Report pegs Jones Library renovation costs at $8M

  • Jones Library JERREY ROBERTS

Staff Writer
Thursday, May 04, 2017

AMHERST — Renovations to the Jones Library building, including repairs needed to meet current building codes and Americans with Disabilities Act requirements, would cost in excess of $8 million, according to a 29-page report from Western Builders of Granby.

The deferred maintenance report, provided to Library Director Sharon Sharry on Monday, will be discussed by library trustees at their meeting Thursday, which begins at 9:05 a.m. in the Goodwin Room at the 43 Amity St. building.

The report comes in advance of the May 10 session of annual Town Meeting, when members will be asked to approve the building program for a potential $35.6 million project to renovate and expand the building, which opened in 1928 and had an addition built in 1993. The new program would create a 65,000-square-foot building that would add 17,000 square feet to the existing building.

Endorsement of the building program would allow trustees to move forward in seeking Massachusetts Board of Library Commissioners funding. The Jones is one of 33 libraries competing for the state money, with five to eight communities invited to go through the process in the first year.

Western Builders’ report shows that 13 capital repairs — including replacing the skylight in the atrium and an elevator near the main entrance, interior and exterior improvements, and mechanical, electrical and plumbing upgrades — would run between $8.1 million and $9.6 million, with the higher cost assuming that library operations would continue on site, necessitating phasing of the work.

If the library gets a state construction grant, the project would come back to the town for around $15 million, with municipal spending on the project up for a vote at the annual Town Meeting in 2018, at the earliest.

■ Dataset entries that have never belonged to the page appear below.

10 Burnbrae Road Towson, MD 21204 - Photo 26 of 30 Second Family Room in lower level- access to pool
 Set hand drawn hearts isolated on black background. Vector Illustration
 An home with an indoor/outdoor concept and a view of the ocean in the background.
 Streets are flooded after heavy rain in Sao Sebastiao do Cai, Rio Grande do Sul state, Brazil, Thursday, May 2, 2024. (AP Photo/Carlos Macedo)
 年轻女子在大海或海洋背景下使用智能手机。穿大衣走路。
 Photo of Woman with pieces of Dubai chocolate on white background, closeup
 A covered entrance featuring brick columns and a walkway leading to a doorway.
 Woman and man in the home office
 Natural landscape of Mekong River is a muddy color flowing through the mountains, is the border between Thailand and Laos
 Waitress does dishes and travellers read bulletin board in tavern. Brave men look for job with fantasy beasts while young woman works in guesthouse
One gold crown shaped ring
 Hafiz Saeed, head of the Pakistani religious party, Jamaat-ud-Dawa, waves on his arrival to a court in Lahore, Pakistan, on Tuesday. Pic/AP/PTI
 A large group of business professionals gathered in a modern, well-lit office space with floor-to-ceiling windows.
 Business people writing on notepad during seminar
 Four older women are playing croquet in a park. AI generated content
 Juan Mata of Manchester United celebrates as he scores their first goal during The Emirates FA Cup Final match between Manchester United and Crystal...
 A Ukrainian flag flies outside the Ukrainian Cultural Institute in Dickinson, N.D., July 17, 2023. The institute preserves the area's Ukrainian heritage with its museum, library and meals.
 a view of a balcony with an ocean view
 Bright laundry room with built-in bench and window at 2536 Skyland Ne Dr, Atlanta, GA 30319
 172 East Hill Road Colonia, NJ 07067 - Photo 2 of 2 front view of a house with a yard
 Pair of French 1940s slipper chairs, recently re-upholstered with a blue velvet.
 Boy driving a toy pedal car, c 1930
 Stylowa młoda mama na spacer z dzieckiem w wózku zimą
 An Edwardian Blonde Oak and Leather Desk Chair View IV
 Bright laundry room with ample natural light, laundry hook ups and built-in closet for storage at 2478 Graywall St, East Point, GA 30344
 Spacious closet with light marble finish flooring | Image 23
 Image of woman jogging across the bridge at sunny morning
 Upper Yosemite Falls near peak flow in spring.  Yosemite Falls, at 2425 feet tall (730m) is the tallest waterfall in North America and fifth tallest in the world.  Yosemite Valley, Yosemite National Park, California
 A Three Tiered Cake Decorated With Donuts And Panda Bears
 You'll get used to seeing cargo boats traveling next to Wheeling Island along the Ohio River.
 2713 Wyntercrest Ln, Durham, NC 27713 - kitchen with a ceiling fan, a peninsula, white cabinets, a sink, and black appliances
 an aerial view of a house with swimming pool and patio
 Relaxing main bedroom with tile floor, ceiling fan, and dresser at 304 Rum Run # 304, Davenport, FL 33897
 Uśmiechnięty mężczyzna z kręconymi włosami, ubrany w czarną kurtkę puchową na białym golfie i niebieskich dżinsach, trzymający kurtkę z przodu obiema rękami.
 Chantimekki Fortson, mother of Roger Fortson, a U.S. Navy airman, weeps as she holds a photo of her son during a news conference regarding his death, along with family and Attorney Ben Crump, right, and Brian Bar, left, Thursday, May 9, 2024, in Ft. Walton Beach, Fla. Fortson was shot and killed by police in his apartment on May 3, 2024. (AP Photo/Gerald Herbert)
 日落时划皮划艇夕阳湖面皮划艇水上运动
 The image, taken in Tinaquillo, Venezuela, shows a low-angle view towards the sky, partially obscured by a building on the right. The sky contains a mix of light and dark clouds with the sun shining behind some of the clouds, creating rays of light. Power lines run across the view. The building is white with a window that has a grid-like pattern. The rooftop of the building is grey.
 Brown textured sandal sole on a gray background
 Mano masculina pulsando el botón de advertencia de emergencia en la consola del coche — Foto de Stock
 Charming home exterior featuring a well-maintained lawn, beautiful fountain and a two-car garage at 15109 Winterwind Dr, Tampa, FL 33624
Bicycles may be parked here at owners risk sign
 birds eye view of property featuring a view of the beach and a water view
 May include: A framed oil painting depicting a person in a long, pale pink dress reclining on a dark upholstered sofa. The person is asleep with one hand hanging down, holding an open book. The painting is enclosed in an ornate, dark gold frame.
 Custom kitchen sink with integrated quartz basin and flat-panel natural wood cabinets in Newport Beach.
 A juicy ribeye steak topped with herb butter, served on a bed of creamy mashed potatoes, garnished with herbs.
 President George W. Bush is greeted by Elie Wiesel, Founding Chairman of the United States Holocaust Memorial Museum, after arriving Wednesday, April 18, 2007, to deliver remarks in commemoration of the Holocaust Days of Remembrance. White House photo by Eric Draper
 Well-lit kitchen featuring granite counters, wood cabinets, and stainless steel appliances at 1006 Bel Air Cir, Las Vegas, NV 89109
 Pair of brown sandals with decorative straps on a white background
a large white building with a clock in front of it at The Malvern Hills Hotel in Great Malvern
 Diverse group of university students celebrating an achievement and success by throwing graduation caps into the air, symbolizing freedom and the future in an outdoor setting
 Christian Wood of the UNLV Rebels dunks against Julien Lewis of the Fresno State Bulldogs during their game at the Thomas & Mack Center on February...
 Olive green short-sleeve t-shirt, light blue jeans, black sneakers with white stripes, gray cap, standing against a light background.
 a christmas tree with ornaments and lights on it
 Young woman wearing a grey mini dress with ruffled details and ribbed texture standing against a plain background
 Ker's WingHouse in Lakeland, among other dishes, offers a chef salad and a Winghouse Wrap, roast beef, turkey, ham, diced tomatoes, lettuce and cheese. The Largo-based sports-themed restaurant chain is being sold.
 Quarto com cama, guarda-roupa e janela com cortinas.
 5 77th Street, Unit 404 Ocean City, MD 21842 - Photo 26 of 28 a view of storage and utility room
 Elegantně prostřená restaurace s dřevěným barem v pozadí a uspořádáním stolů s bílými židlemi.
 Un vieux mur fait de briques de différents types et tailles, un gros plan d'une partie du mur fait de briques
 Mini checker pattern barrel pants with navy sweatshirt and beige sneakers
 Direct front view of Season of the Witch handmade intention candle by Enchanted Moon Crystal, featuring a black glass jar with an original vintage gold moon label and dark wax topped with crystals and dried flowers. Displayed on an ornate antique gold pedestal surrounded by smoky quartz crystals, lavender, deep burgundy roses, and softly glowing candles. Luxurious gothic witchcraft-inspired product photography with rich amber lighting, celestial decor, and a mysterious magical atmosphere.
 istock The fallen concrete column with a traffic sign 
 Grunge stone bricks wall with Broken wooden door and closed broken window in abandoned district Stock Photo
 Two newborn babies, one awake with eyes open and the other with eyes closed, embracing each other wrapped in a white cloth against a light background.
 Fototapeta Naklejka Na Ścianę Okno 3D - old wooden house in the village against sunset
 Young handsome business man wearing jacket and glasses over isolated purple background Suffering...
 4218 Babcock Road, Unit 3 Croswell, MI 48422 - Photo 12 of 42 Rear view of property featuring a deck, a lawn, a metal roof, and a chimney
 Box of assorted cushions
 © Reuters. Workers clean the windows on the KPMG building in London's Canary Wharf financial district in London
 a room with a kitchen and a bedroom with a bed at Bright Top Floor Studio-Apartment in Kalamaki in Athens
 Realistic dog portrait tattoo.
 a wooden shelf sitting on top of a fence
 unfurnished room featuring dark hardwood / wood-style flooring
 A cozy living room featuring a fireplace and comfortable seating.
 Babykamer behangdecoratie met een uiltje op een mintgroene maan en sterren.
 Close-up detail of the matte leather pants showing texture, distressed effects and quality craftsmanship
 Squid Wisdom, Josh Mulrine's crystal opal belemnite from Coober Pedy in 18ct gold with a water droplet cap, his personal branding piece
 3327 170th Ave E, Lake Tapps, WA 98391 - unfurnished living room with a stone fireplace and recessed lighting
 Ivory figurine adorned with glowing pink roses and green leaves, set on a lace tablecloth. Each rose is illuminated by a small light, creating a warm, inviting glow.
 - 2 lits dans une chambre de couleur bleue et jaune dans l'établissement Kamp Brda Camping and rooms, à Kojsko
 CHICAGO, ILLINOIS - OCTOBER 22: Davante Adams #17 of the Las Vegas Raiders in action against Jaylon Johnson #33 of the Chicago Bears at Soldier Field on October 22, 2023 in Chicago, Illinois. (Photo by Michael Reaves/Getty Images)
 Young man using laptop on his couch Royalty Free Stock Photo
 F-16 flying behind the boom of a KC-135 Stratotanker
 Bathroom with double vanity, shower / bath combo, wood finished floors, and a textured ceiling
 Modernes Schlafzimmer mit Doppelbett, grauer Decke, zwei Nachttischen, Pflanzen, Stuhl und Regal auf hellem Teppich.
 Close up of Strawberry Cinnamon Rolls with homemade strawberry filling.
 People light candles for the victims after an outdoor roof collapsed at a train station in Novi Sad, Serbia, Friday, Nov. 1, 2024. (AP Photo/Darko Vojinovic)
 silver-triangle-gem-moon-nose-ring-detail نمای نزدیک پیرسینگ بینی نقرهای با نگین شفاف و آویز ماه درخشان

Based on the report from Western Builders, which was commissioned in February, the most expensive improvements would be the $3.7 million in mechanical, electrical and plumbing work that would take six months to complete. Interior improvements, such as new carpeting and painting, would cost $2.5 million, over four months, and exterior improvements would be $1.6 million, over 26 weeks.

Replacing the skylight would take 10 weeks at a $567,517 cost, and replacing the south elevator would run $790,105 and 14 weeks.

But the report cautions that cost projections, based on construction work starting in May 2018, may be low. If project costs exceed 30 percent of assessed property value over a three-year period, this would trigger full-scale ADA compliance, which adds significant costs, such as providing wider stacks to accommodate wheelchairs.

Meanwhile, the report also dismisses the possibility of adding a second floor above the atrium to gain space.

“Along with the significant existing exterior architectural roof and facade renovations work that would be required, expansive interior architectural alterations would also be required for access for the new structural work. In summary, the cost of adding this small amount of building floor area would be prohibitively expensive.”